The answer must be an exact copy of every entry, with no pictures in it.

[Stored items from a collection]
# # # # #

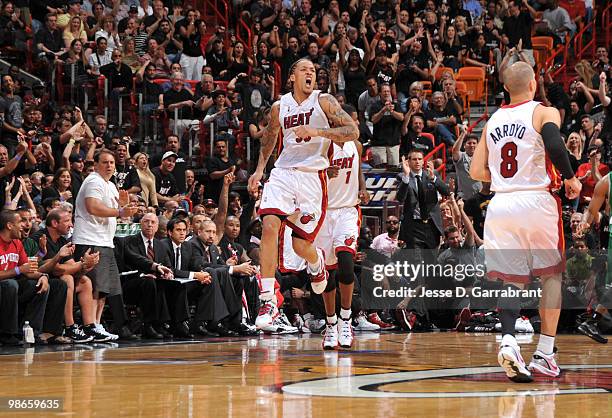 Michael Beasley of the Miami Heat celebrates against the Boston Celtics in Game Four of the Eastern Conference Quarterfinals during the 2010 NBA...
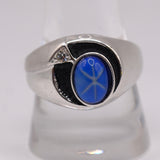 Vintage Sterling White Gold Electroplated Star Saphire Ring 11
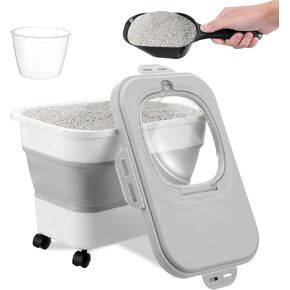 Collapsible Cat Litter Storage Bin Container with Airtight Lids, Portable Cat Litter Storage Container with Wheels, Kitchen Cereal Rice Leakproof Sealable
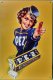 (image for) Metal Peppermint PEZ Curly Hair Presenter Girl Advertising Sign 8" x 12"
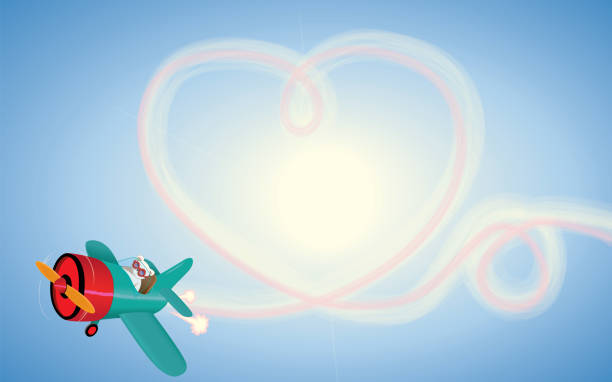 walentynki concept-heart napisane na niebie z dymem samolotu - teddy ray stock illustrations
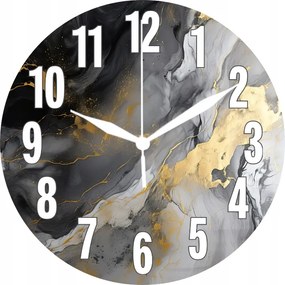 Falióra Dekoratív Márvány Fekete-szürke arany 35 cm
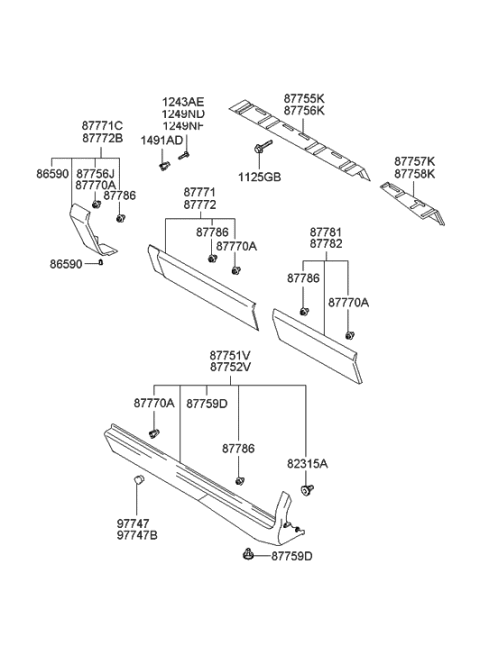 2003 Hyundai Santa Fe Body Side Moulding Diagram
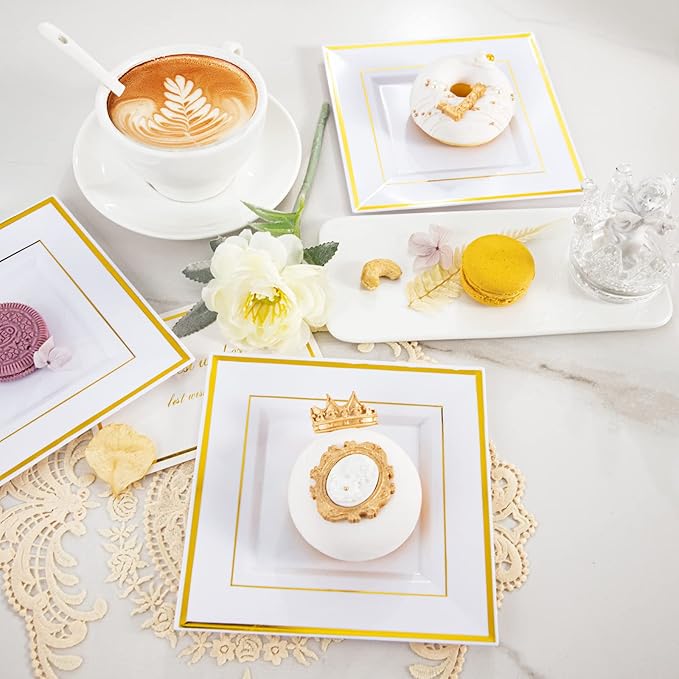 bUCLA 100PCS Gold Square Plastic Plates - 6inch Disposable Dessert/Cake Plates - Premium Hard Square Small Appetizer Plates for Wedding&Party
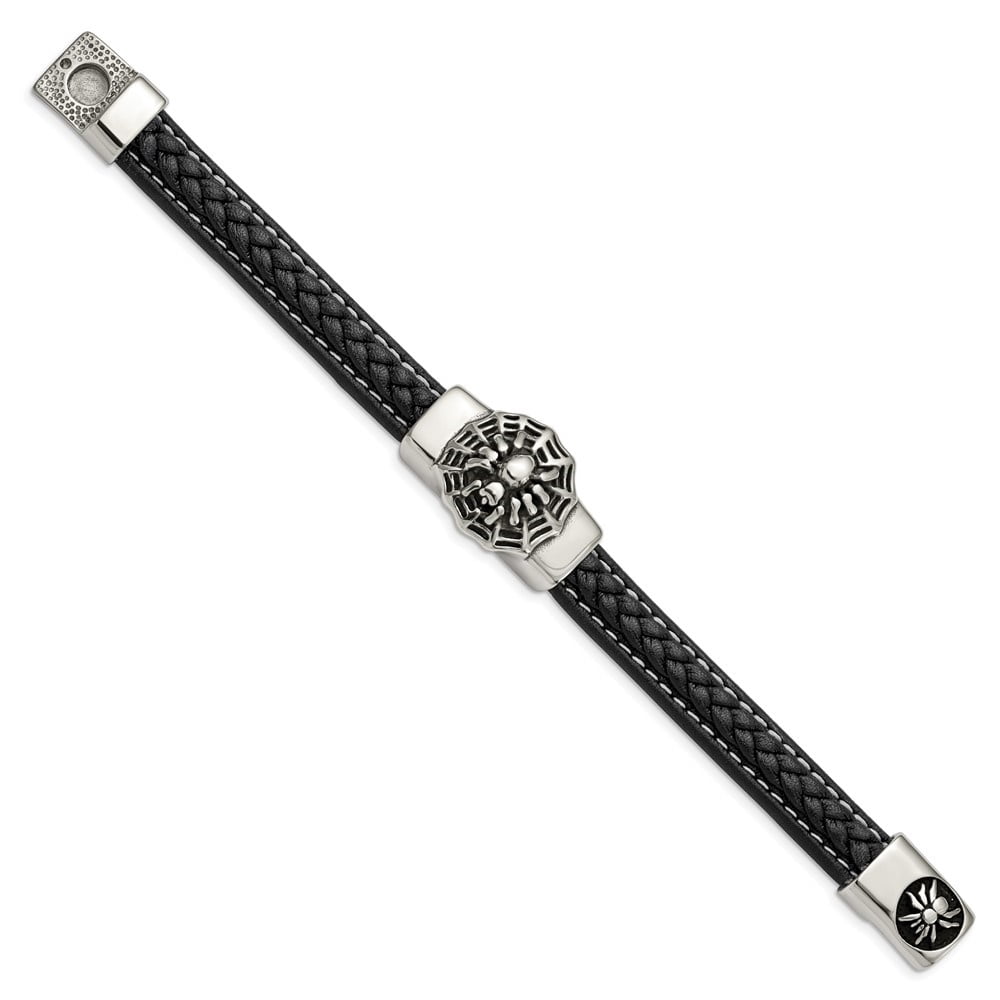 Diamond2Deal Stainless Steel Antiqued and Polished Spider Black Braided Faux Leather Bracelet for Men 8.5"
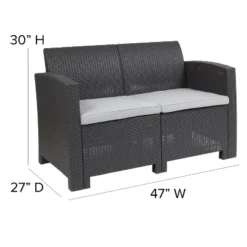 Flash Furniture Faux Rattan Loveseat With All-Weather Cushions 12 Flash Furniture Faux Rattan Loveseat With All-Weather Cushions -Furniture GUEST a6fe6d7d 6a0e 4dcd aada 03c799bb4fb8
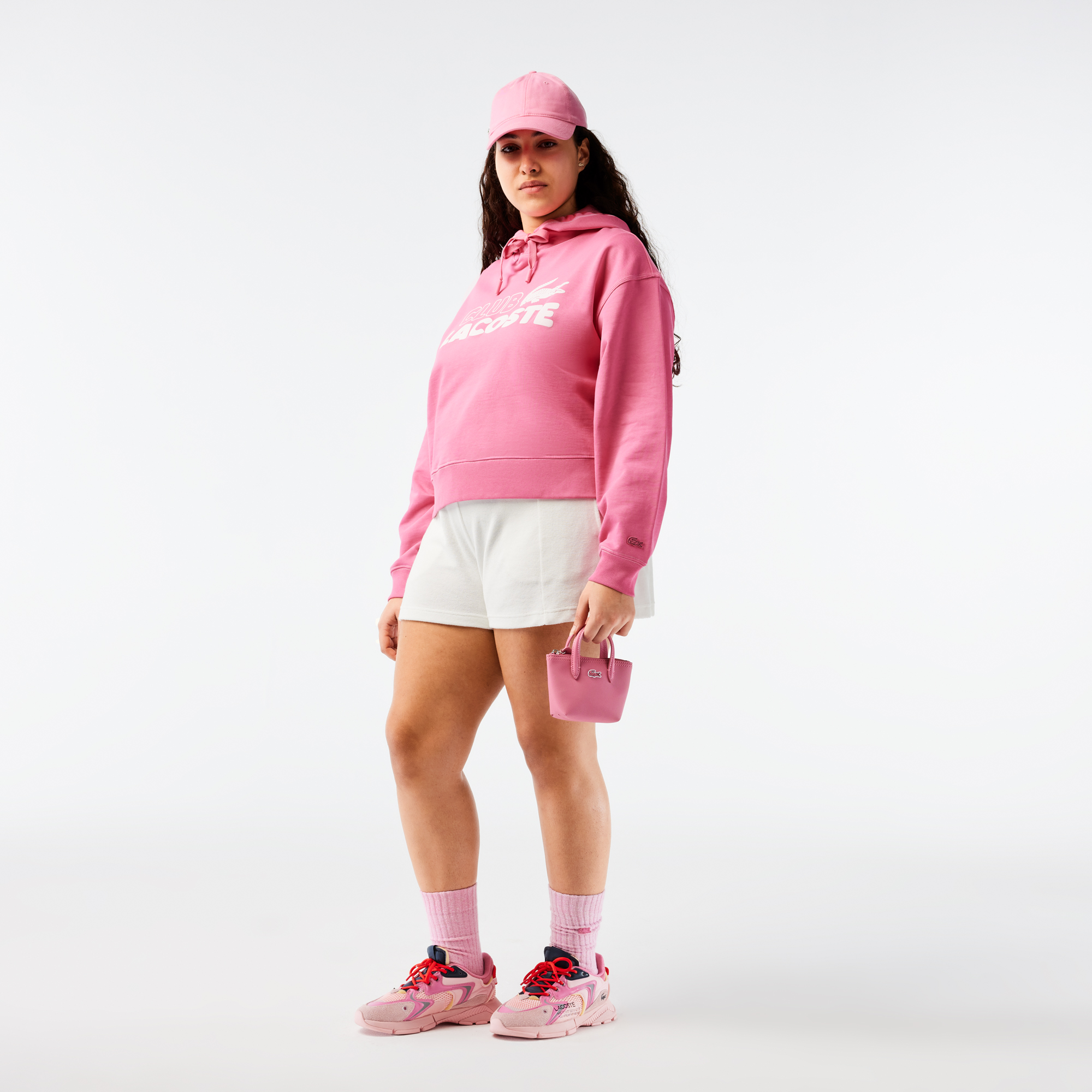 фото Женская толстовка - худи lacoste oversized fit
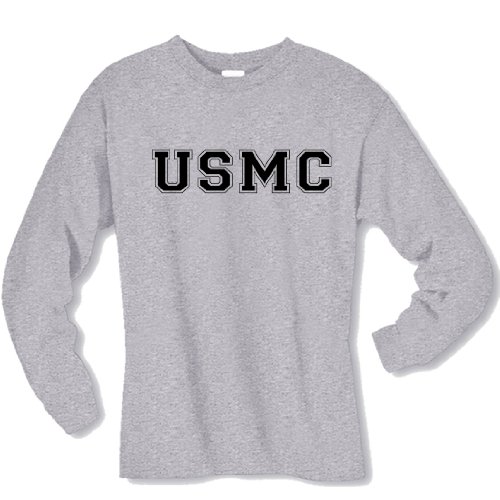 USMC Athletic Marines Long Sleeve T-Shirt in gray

# # # # #

* [Reply to the task]:
 Michael Beasley of the Miami Heat celebrates against the Boston Celtics in Game Four of the Eastern Conference Quarterfinals during the 2010 NBA...
 Vintage Sterling White Gold Electroplated Star Saphire Ring 11
 Collapsible Cat Litter Storage Bin Container with Airtight Lids, Portable Cat Litter Storage Container with Wheels, Kitchen Cereal Rice Leakproof Sealable
 (image for) Metal Peppermint PEZ Curly Hair Presenter Girl Advertising Sign 8" x 12"
 walentynki concept-heart napisane na niebie z dymem samolotu - teddy ray stock illustrations
 Falióra Dekoratív Márvány Fekete-szürke arany 35 cm
 2003 Hyundai Santa Fe Body Side Moulding Diagram
 bUCLA 100PCS Gold Square Plastic Plates - 6inch Disposable Dessert/Cake Plates - Premium Hard Square Small Appetizer Plates for Wedding&Party
 Diamond2Deal Stainless Steel Antiqued and Polished Spider Black Braided Faux Leather Bracelet for Men 8.5"
 Flash Furniture Faux Rattan Loveseat With All-Weather Cushions 12 Flash Furniture Faux Rattan Loveseat With All-Weather Cushions -Furniture GUEST a6fe6d7d 6a0e 4dcd aada 03c799bb4fb8
 фото Женская толстовка - худи lacoste oversized fit
 USMC Athletic Marines Long Sleeve T-Shirt in gray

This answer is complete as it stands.